Fixing Too Many Open Files

So, your production environment is yelling at you, just crying out messages with some variation of Too many open files. You have restarted the program, rebooted the entire server — or you can't even try this — but nothing worked.

Linux sets limits on resources for security purposes. One of these limits is the number of files a process can have open at the same time. Below you'll find several ways of bumping these limits either temporarily or permanently, depending on your needs.

Every man is a damn fool for at least five minutes every day; wisdom consists in not exceeding the limit.

Elbert Hubbard, in "The Roycroft Dictionary Concocted By Ali Baba And The Bunch On Rainy Days"

Per Process Limit

On creation, each process is assigned its own limits. These might be inherited from the parent process, or assigned by the operating system directly, but while the process is running it will be guided by these limits.

The prlimit command can be used to run a command with a specific set of limits.

# run `ruby` with a limit of 2048 maximum open files
$ prlimit --nofile=2048 ruby

It can also be used to query the limits of a specific running process, given its PID.

# get the maximum open files limit for process 1234
$ prlimit -n --pid=1234

Or to set a specific limit in a running process.

# set the maximum open files limit for process 1234
$ prlimit --nofile=2048 --pid=1234

Finding My Process

To get the PID of a running process by its name, use pgrep:

# lists all running processes with 'ruby' in the name
$ pgrel -fl ruby # => 1234 ruby

If you don't know the name of the process, use ps:

# lists all running processes
$ ps -aux
# ...
# 1234 ruby
# ...

Per User Limit

Users in the system may be assigned specific limits, even based on the groups they belong to.

User limits are defined in /etc/security/limits.conf. Rules target a specific resource, setting the limit for a specific user, a specific group, by ranges of user and groups IDs, or for all users with a wildcard.

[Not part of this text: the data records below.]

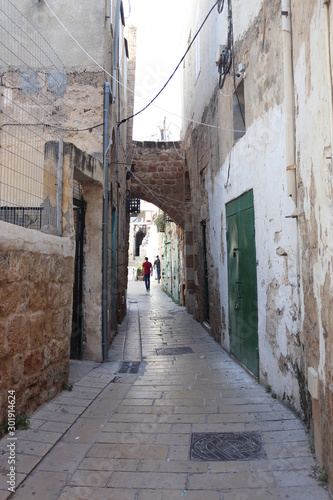 Fototapeta Naklejka Na Ścianę i Meble -  narrow streetAn old street in the Palestinian city of Acre in old town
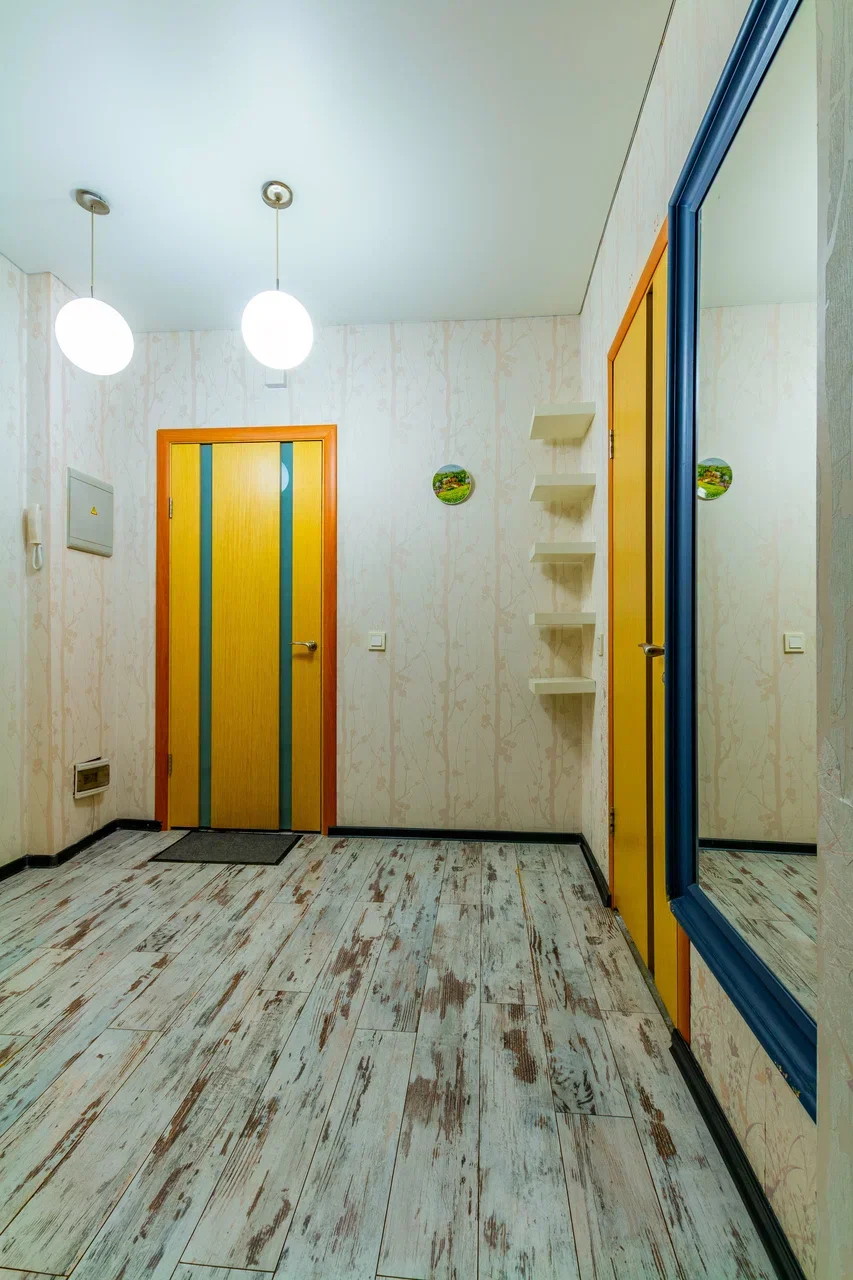 Снять квартиру-студию в Екатеринбурге, м. Чкаловская, Южный Автовокзал Посуточно 11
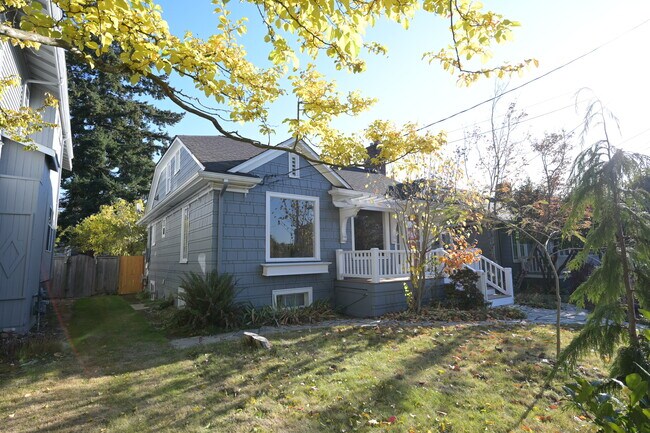 Building Photo - 7526 9th Ave NE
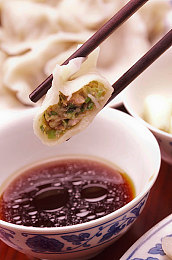 色酷色综合：光影交响，驰骋视觉美学的竞速新纪元-4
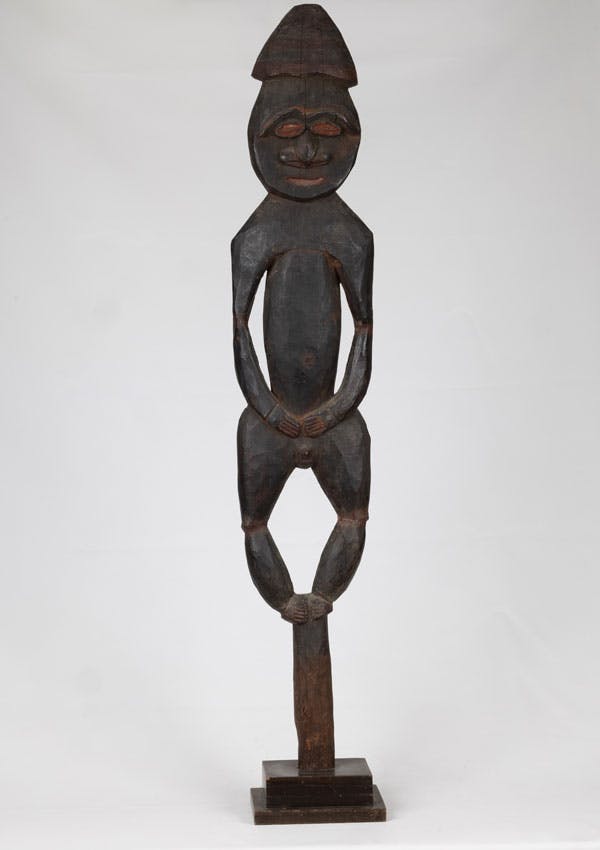 Statue à ficher en terre Kanak - Provenance Charles Ratton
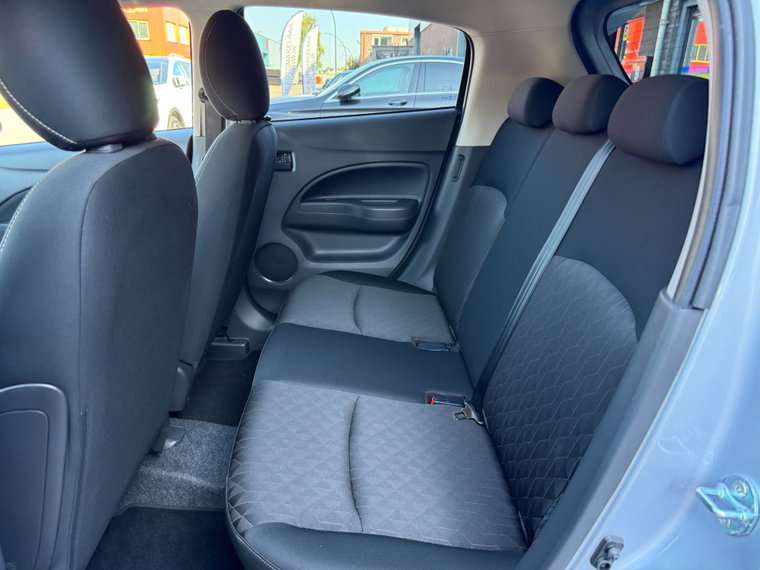 Vehicle Image 31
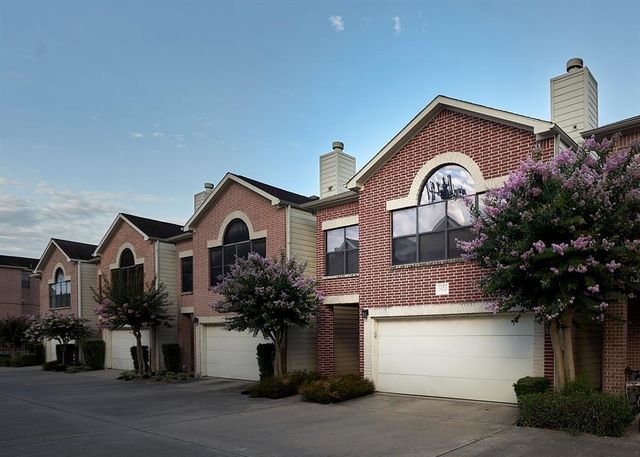 3570 Link Valley Drive, Houston, TX 77025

# /etc/security/limits.conf
*               soft    core            0
*               hard    nofile          512
@student        hard    nproc           20
@faculty        soft    nproc           20
@faculty        hard    nproc           50
ftp             hard    nproc           0
@student        -       maxlogins       4
:123            hard    cpu             5000
@500:           soft    cpu             10000
600:700         hard    locks           10

New rules may be added on this file, but preferably add them on your own *.conf files under /etc/security/limits.d/.

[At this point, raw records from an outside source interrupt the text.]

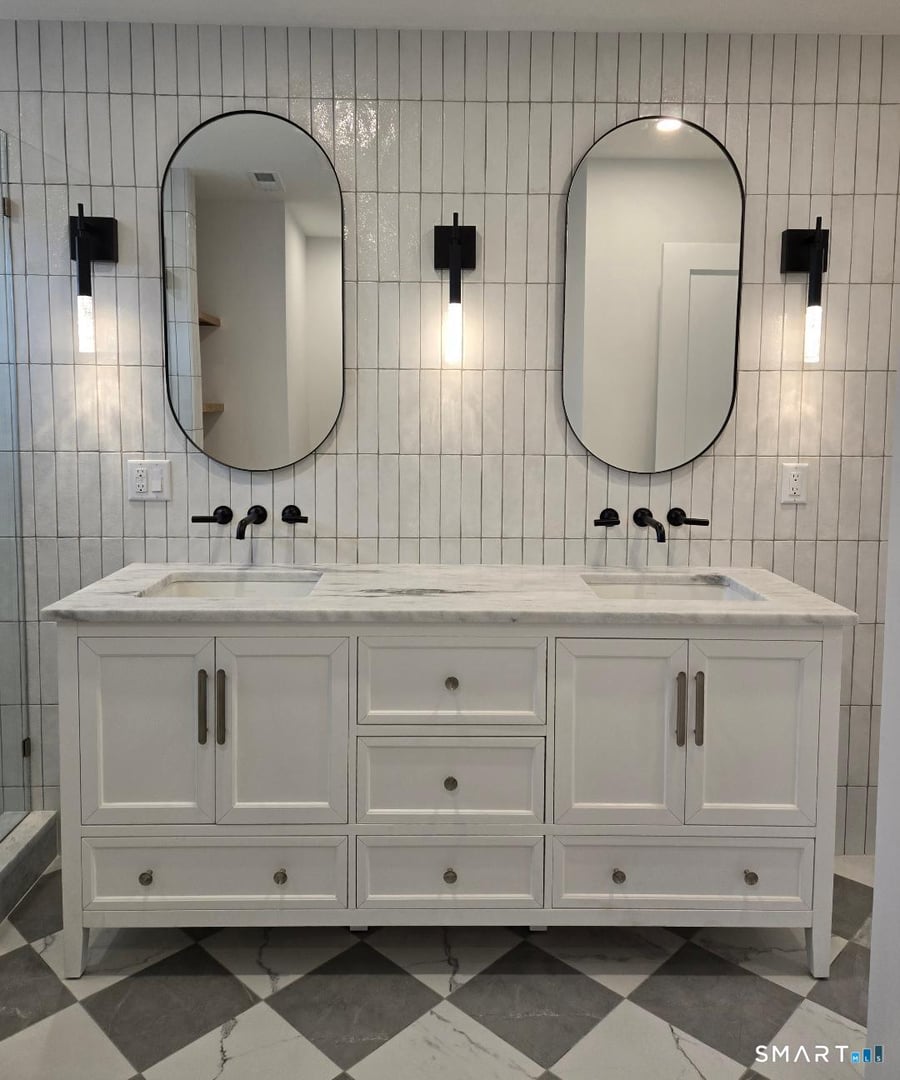 152 Davis Road Photo 15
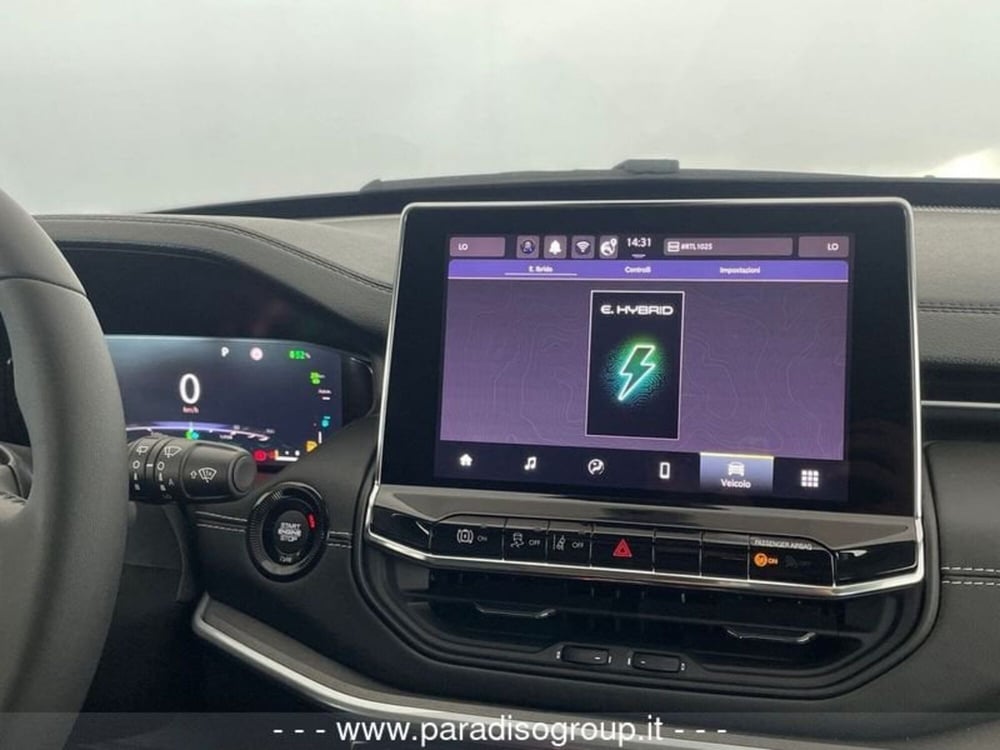 Jeep Compass nuova a Catanzaro (17)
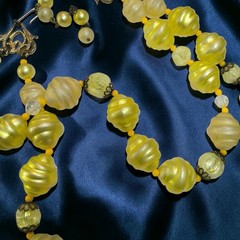 Vintage 1950s Yellow Lucite Crackle Glass Double Strand Necklace AB Wedding Cake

Some shells like Bash and ZSH also include a command for getting and setting these limits for the current user -- ulimit.

# get all the limits for the current user
$ ulimit -a

# set the limit of maximum open files for the current user
$ ulimit -n 2048

Note that running processes are not affected by this change, since they already have their own limits set.

Daemon processes

These user limits are enforced by a Linux module called pam_limits which might not be properly loaded when the user starts the session. This ignores the limits configuration files and uses only default values.

To fix this, locate the relevant configuration file under /etc/pam.d/ (for instance, /etc/pam.d/sshd for SSH sessions) — or add your own — and require pam_limits.so at the end of the file.

# /etc/pam.d/common

session required pam_limits.so

This might be required for daemon processes, but it is not required for systemd services.

Per systemd Service

systemd processes are actually a different type of process. Despite the user set as the one running the process, the limits of the service are set in its definition file.

# /etc/systemd/system/something.service
[Unit]
# ...

[Service]
# ...
LimitNOFILE=2048

[Install]
# ...

Remember to reload the systemd daemon and to restart the process for the new limits to apply.

# Reload the systemd daemon
$ sudo systemctl daemon-reload

# Restart changed service
$ sudo systemctl restart something

System limits

Changing system limits is a dangerous operation.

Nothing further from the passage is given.